# [RECORDED INFORMATION]

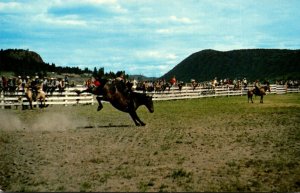 Canada British Columbia Williams Lake Stampede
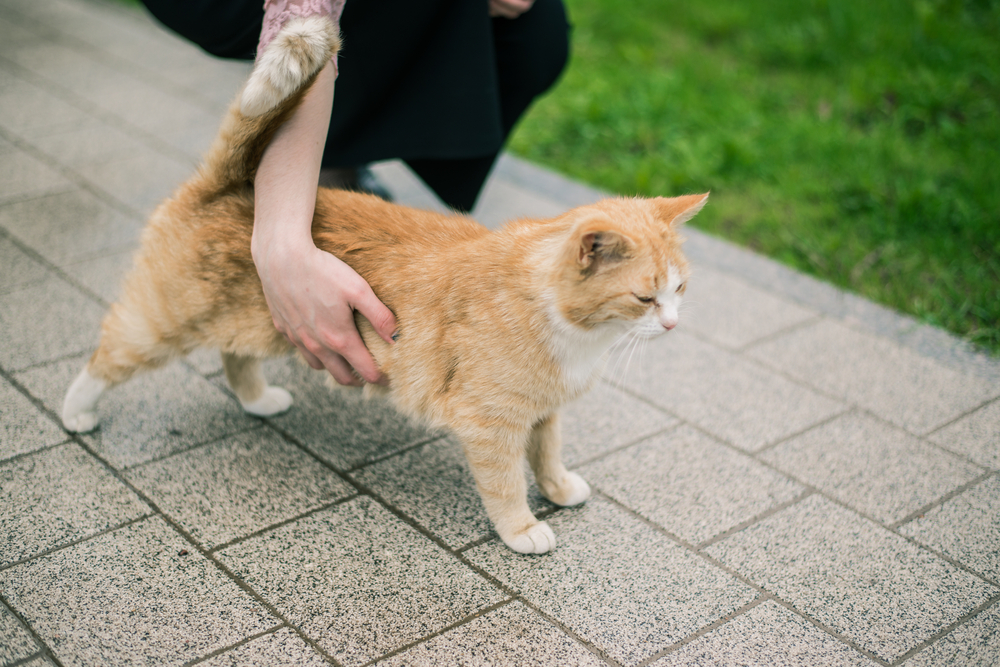 woman hand stroking or petting a ca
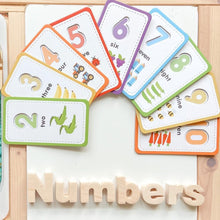 Load image into Gallery viewer, Curious Columbus Flash Cards & 123 Magnetic Numbers
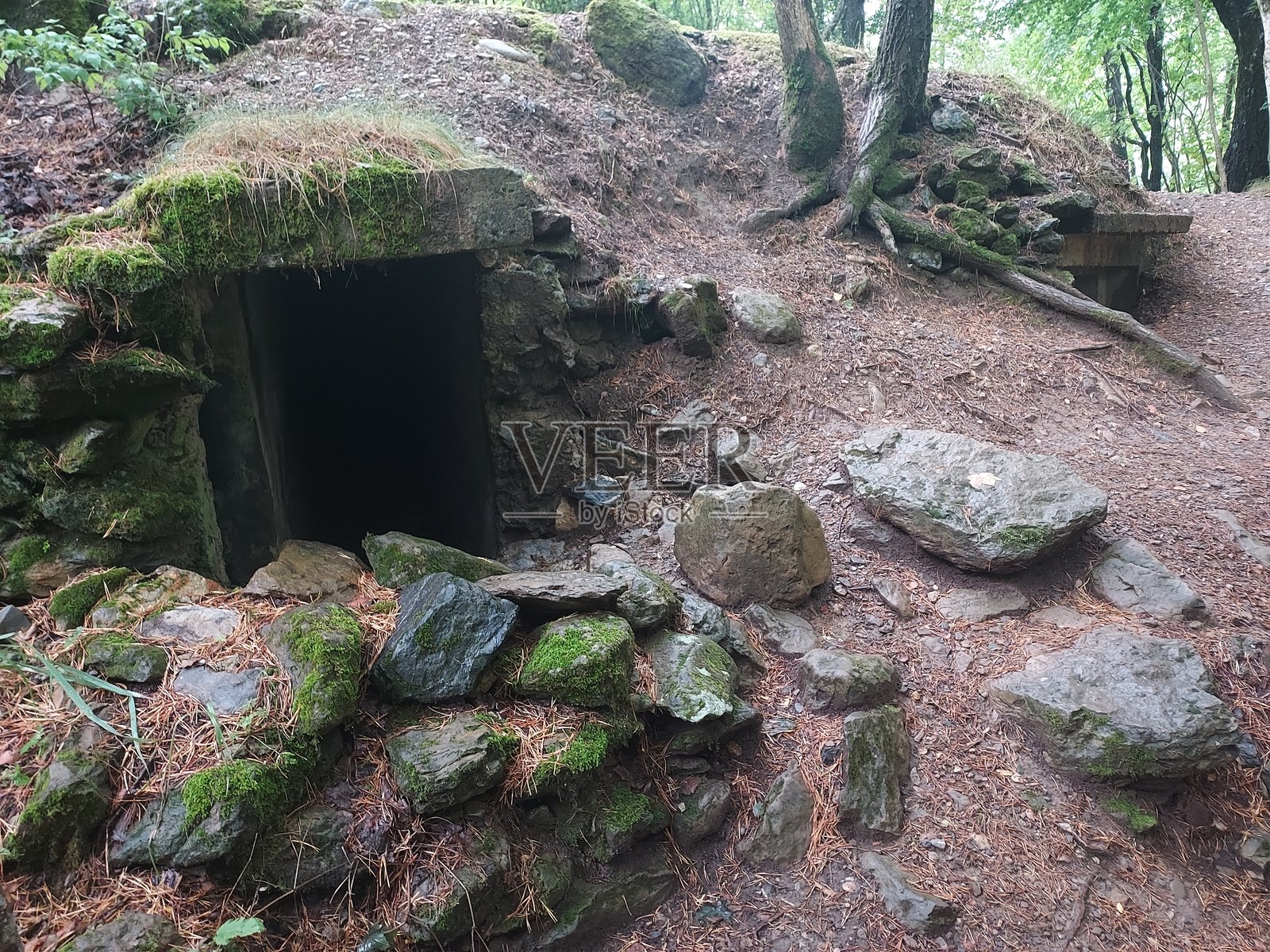 2024 - 坎弗兰克车站自然保护区 - 比利牛斯山照片摄影图片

# [EXERCISE REQUIREMENTS]
Print the full listing exactly, dropping the pictures.

# [RESPONSE AREA]
 Canada British Columbia Williams Lake Stampede
 woman hand stroking or petting a ca
 Load image into Gallery viewer, Curious Columbus Flash Cards & 123 Magnetic Numbers
 2024 - 坎弗兰克车站自然保护区 - 比利牛斯山照片摄影图片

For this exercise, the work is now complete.